Task description ▸ Your task is to transcribe the data exactly while omitting each picture.
**** Dataset section
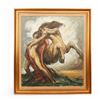 Image 1 : Estanoi Oil on Board, Man and Centaur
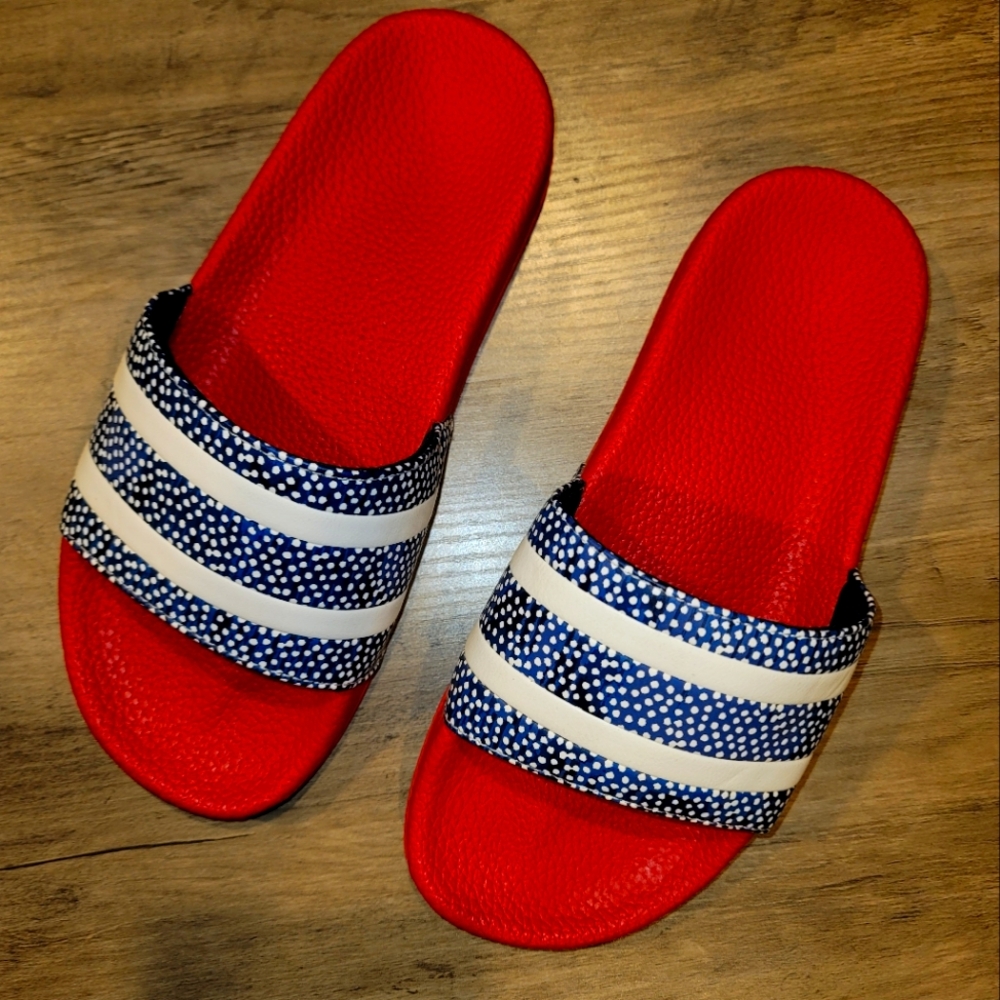 GAP slide sandals RED WHITE BLUE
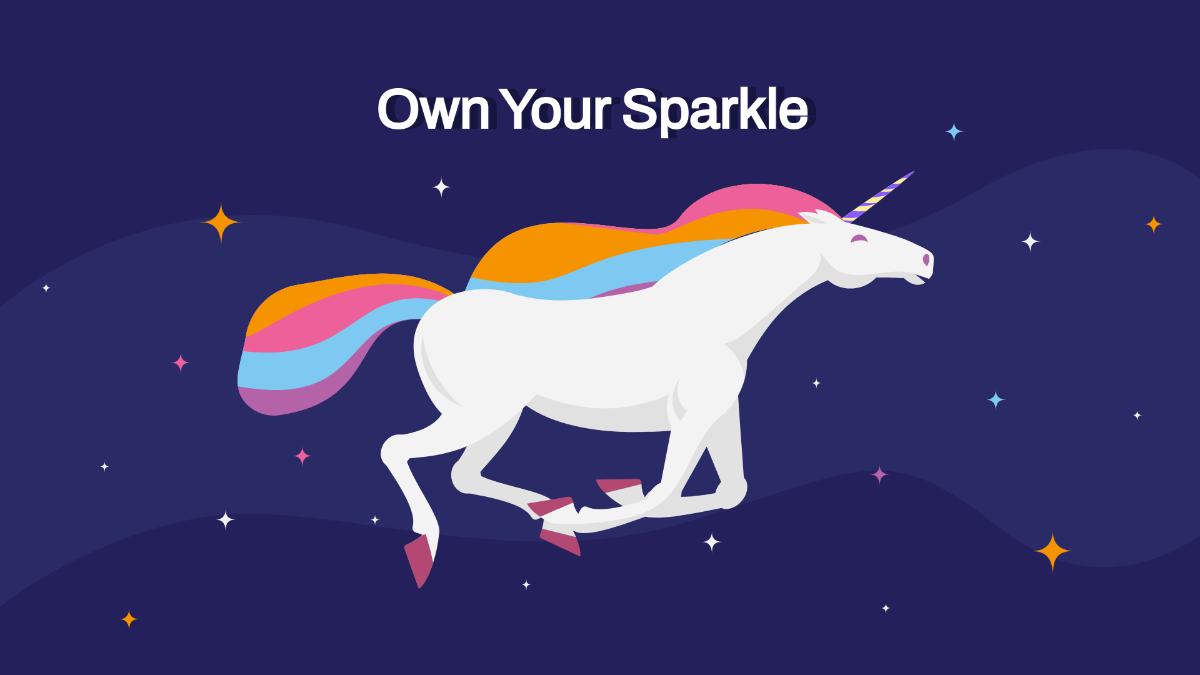 Free Glitter Unicorn Wallpaper Template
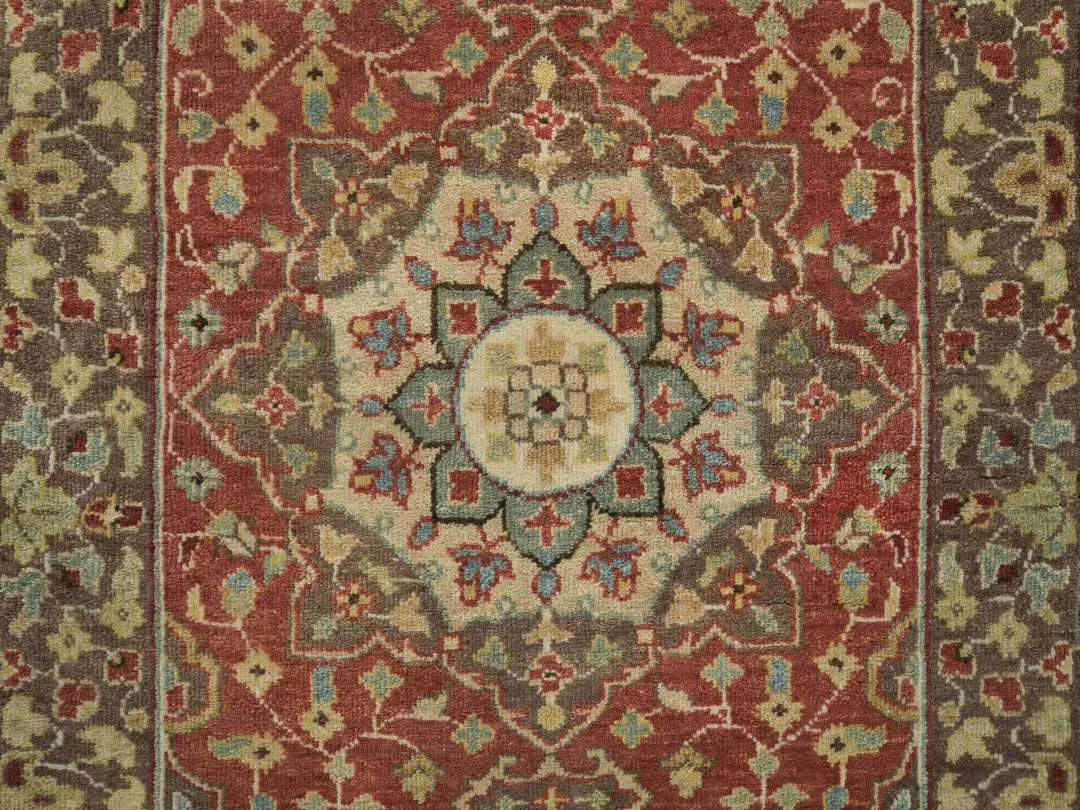 2'6" x 8'3" New Hand Knotted Red Wool Runner Oriental Rug - MOA10265731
********
Written answer ▸
 Image 1 : Estanoi Oil on Board, Man and Centaur
 GAP slide sandals RED WHITE BLUE
 Free Glitter Unicorn Wallpaper Template
 2'6" x 8'3" New Hand Knotted Red Wool Runner Oriental Rug - MOA10265731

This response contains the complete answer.